__What the task requires__: Check each line of the data for the string "operating". Report how many have it, and give nothing else.

__Data supplied__:
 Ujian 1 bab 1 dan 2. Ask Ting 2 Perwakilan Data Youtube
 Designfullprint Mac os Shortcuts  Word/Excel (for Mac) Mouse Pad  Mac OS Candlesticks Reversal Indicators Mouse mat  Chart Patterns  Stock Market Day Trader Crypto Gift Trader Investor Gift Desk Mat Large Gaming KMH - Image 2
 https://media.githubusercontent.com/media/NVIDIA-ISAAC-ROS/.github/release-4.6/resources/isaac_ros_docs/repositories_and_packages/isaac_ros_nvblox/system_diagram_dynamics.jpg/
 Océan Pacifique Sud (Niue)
* * *
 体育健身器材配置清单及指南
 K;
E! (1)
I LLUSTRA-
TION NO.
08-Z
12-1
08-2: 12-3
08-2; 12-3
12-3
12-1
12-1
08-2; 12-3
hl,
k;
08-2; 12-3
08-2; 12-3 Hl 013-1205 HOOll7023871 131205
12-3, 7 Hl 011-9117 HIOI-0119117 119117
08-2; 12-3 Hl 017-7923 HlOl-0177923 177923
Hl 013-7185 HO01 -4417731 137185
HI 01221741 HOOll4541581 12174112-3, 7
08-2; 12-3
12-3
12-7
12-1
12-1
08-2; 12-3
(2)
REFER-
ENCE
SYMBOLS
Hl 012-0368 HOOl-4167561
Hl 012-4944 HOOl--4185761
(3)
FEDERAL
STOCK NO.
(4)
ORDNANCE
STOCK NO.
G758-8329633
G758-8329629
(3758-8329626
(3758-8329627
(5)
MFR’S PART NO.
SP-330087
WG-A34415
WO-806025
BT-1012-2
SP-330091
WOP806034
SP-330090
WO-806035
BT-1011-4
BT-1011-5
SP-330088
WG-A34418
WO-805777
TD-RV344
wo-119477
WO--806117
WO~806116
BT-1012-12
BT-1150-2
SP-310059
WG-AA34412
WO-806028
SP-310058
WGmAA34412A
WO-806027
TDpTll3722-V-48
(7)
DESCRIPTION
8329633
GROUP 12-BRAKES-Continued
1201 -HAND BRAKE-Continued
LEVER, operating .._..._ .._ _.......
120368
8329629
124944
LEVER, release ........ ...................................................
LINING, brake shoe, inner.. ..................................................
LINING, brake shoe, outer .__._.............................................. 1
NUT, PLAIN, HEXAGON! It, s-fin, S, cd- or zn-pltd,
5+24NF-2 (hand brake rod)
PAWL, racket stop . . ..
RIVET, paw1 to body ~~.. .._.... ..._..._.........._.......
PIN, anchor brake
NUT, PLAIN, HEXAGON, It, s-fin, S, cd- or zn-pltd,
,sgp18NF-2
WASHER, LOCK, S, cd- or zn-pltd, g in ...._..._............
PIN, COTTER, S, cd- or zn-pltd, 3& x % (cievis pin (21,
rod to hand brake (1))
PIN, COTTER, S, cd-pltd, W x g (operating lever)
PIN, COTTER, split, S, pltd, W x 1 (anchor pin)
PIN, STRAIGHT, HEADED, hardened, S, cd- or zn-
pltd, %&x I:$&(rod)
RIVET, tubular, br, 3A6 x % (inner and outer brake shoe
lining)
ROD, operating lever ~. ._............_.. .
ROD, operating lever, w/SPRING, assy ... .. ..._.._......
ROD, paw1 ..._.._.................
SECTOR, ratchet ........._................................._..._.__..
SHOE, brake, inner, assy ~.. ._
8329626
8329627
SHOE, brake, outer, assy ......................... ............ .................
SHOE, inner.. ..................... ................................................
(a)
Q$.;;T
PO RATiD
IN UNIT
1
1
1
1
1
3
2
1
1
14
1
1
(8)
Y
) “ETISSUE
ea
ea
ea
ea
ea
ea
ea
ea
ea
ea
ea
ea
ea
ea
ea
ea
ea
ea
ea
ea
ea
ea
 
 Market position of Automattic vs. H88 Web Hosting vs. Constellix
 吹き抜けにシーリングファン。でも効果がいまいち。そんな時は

__Expected output__: 4